I’m a simple lady, passionate about engineering and how it impacts our way of life.

Education is a long demanding process, how did you make it to the level you are in?
Hard work, diligence and focus on the end game.

People are inspired by different things to pursue the careers they are in. What motivated you to do engineering?
I saw an opportunity in the industry, it is very vibrant and I am curious and passionate to add to that vibrancy, I chose to study Civil Engineering. 

Ladies face different obstacles while striving for excellence. What are the greatest challenges you encounter while pursuing engineering?
Studying engineering is very demanding, the heavy workload and balancing studies with leadership is a challenge. The challenges I face while studying engineering are not gender specific; they are challenges faced by my male counterparts in equal measure.

Engineering has an integral role towards a country achieving its development goals, what roles  do you see engineering playing in the next 5 or 10 years towards attaining vision 2030?

There’s no doubt that engineering drives the economy, we engineers barely make noise about it but for sure we are at the heart of vision 2030. I see engineering at the center of it all, improving the quality of life, transforming the systems in the country through innovation and technological advancements, the list can’t be exhausted and knowing that as ESA we visit High schools occasionally to encourage students to take up engineering courses because the country needs engineers.

Let’s talk about ESA, what is the vision, mission and objective of this association you now head?
ESA is a professional body in the school of engineering that brings together engineering students. The main objective of ESA is to promote academic welfare of its members as well as bridge the gap between industry players and students through partnerships with organizations in ways that benefit the University of Nairobi Student populace.
We envision an all rounded engineering student who has the confidence to use their academic knowledge, talents and skills to make a better Kenya through the platform we provide as an association

What are some of the roles you see yourself playing as ESA chair-lady?
As the chair I am obliged to ensure the association is managed effectively and the objectives and visions are attained. 

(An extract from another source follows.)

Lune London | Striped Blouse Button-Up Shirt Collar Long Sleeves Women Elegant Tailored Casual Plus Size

What changes will you bring among student engineers that will be different from your predecessors?

I envision a body that creates more opportunities for students to tap into their talents, passions, ideas and have a better understanding of the industry; how it works and what it demands of them as student engineers.

Tell us about you… what do you do during your ‘me’ time?

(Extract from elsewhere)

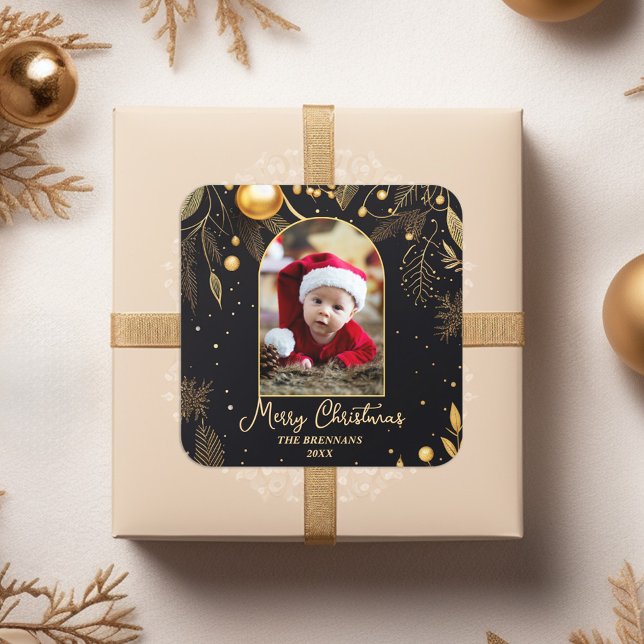Christmas One Photo Gold Elegant Square Sticker (Christmas One Photo Gold Elegant Square Sticker)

I like reading motivational books; they keep me going. Hiking; it improves my endurance. Mentoring younger people; it keeps me on track.

What is your advice and parting shot to the young people who are aspiring to be engineers and especially to the ladies?

Be wise, confident and aggressive, it’s a tough world but you have to gather all the courage to face it all. Many people rely on networks and connections to make it out there, that’s okay but remember people might fail you but your passion will never fail you.
Young people and especially engineers are indispensable in the realization of vision 2030 and therefore hard work, diligence and broadening your knowledge beyond your curriculum is very vital.